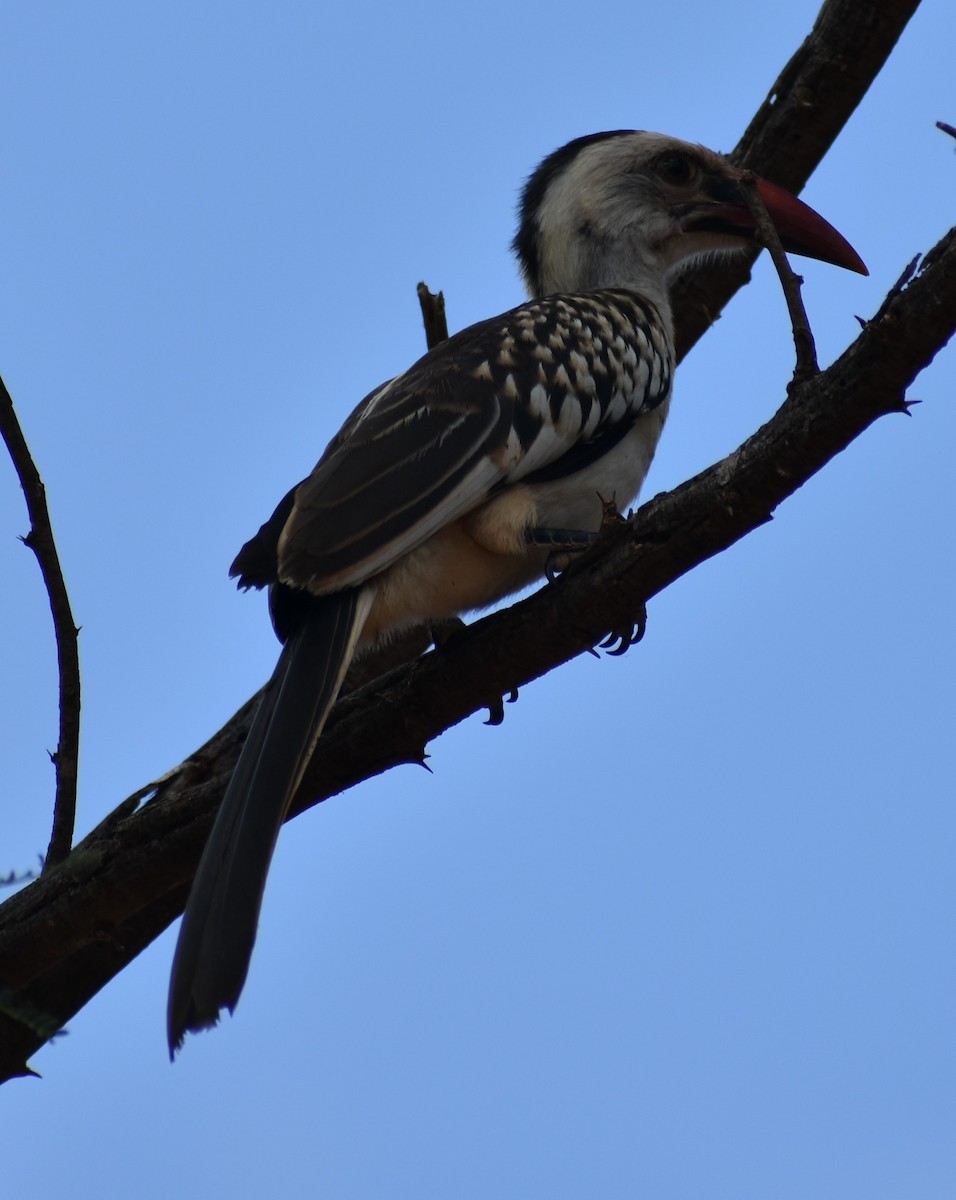Northern Red-billed Hornbill - ML643144099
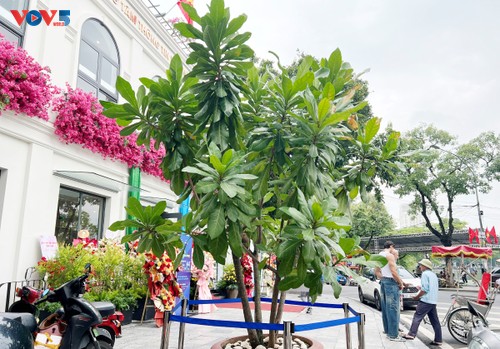 “Một dải non sông” – Những hình ảnh kết nối đất liền và biển, đảo Việt Nam - ảnh 7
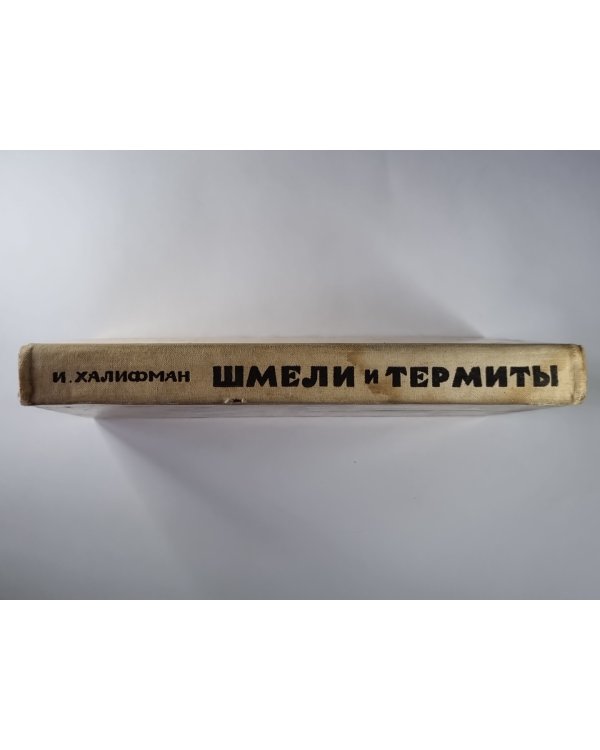 Шмели и термиты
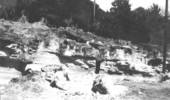 Indurated, cross-bedded coquina in abandoned ridge - near Flagler Beach, Florida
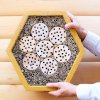 Insect hotel BNB Box Maxi Gold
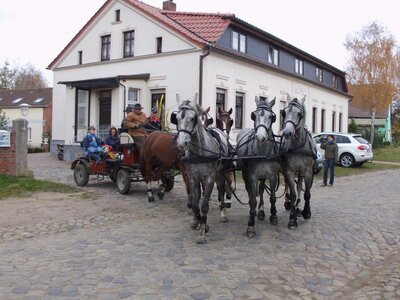 Foto des Albums: Reiterhof & Pension Norbert Kuhn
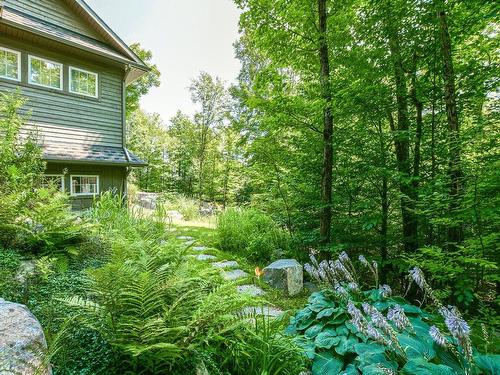 ExtÃ©rieur - 2019  - 2021 Mtée Du Cap-Violet, Sainte-Lucie-Des-Laurentides, QC - Outdoor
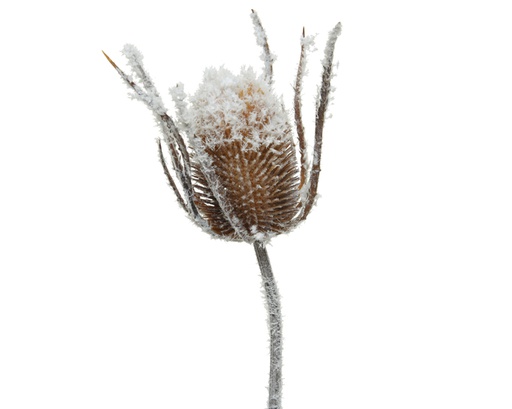 [4-220664] FLOR NEVADA - 74CM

+===+

Once the pictures are set aside, what is needed is the lines from the line with "Indurated, cross-bedded coquina" through the end of the data, written out exactly and alone.

Solution below
 Indurated, cross-bedded coquina in abandoned ridge - near Flagler Beach, Florida
 Insect hotel BNB Box Maxi Gold
 Foto des Albums: Reiterhof & Pension Norbert Kuhn
 ExtÃ©rieur - 2019  - 2021 Mtée Du Cap-Violet, Sainte-Lucie-Des-Laurentides, QC - Outdoor
 [4-220664] FLOR NEVADA - 74CM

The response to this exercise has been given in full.